[Data extracts]

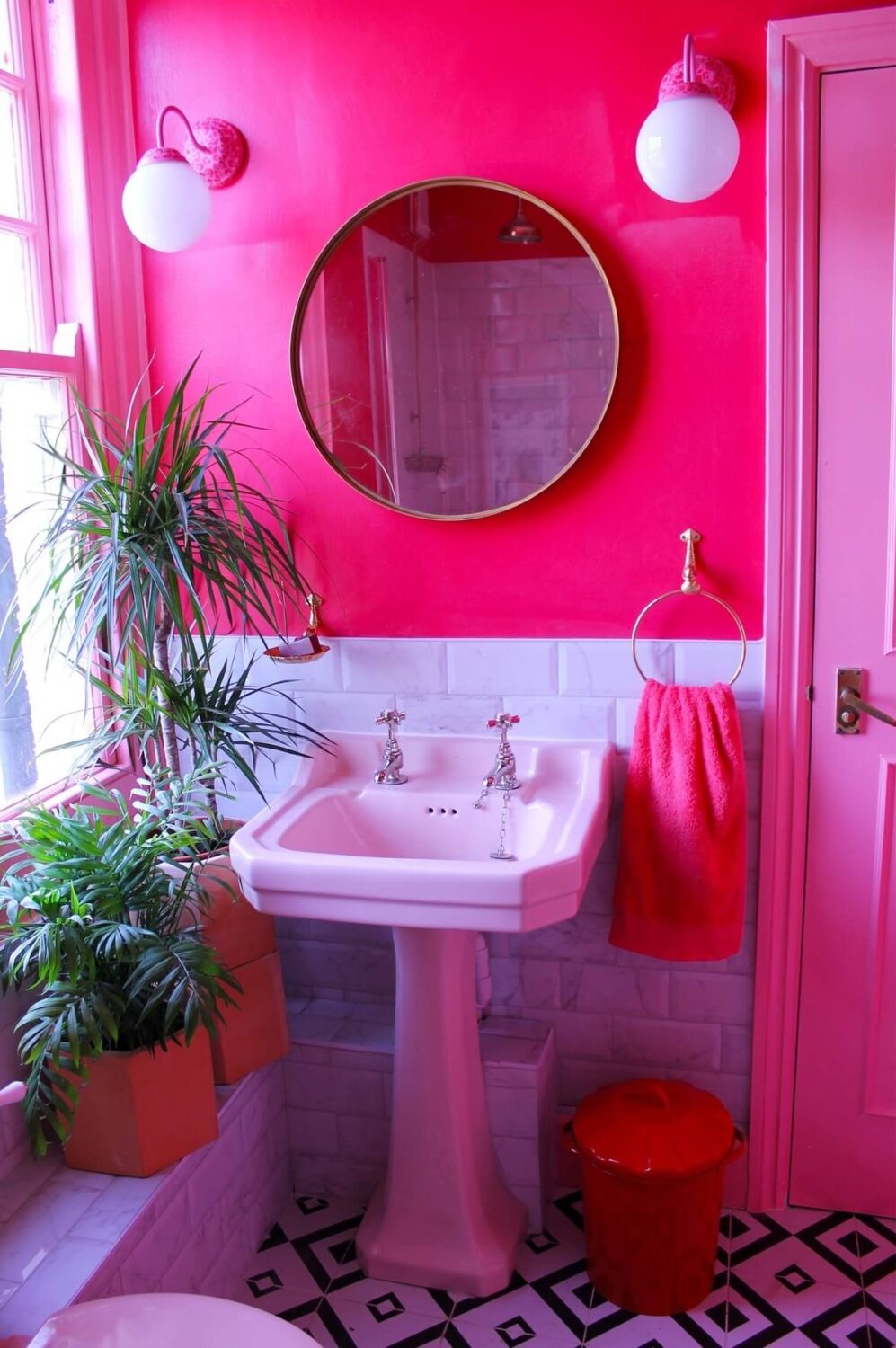 89 Pink Bathroom Ideas: From Hot Pink Walls to Blush Tiles 23 bathroom-hot-pink-walls-round-mirror-nordroom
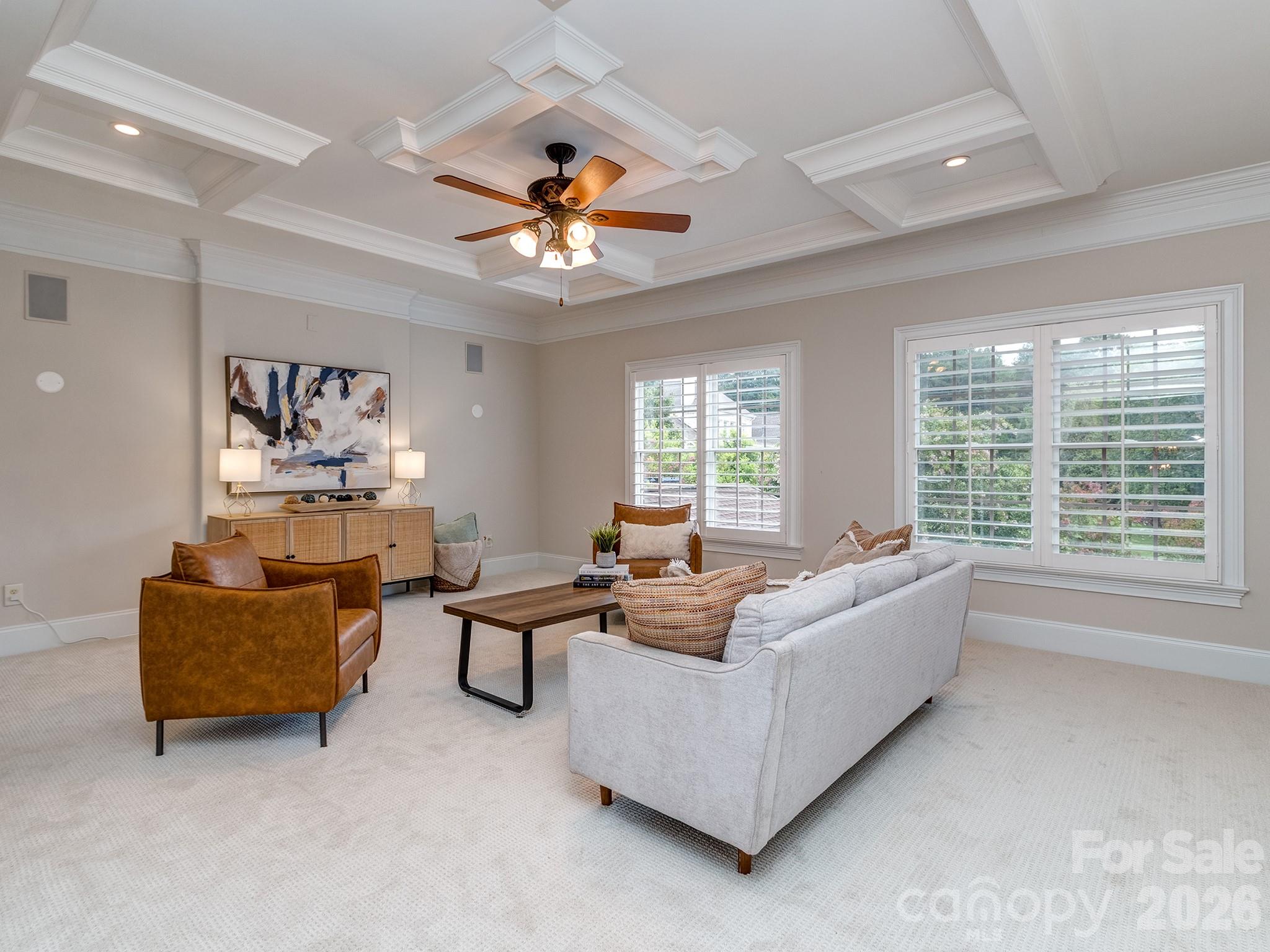 8208 Wingard Road Waxhaw, NC 28173 - Photo 23 of 41 a living room with furniture ceiling fan and a window
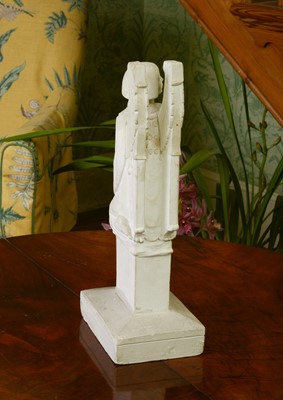 Lot 44 - A plaster figure of a kneeling angel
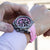 Reloj cronógrafo para hombre en la muñeca con correa de silicona rosa y esfera negra.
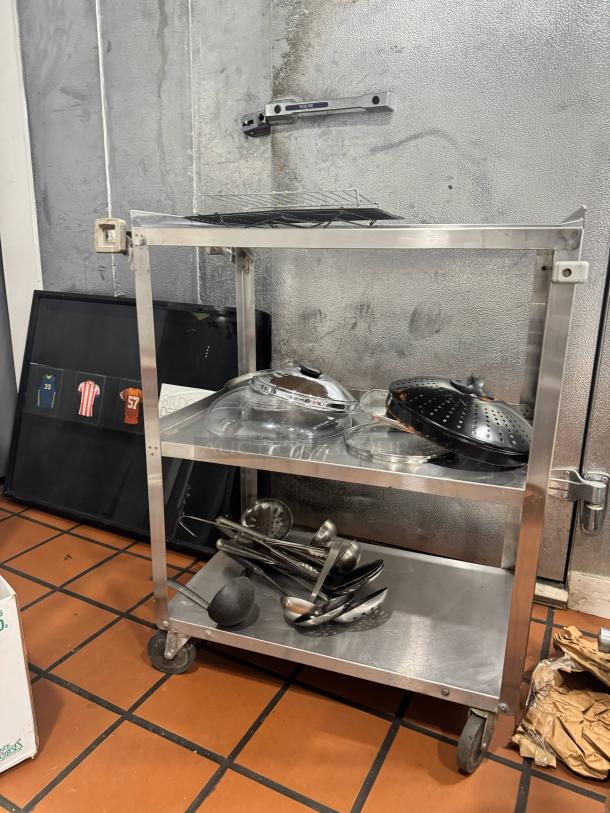 Stainless steel utility cart with two shelves, loaded with kitchen utensils, on wheels for easy mobility. Good condition.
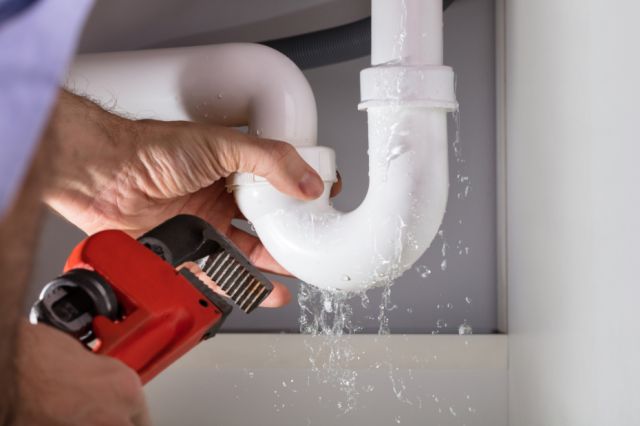 Male Plumber Fixing Dripping Sink Pipe With Adjustable Wrench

[/Data extracts]

Instructions for the task :: The answer must be the lines above, word for word, from the first one through the line with "Lot 44 - A plaster", pictures excluded.

Exercise answer ::
 89 Pink Bathroom Ideas: From Hot Pink Walls to Blush Tiles 23 bathroom-hot-pink-walls-round-mirror-nordroom
 8208 Wingard Road Waxhaw, NC 28173 - Photo 23 of 41 a living room with furniture ceiling fan and a window
 Lot 44 - A plaster figure of a kneeling angel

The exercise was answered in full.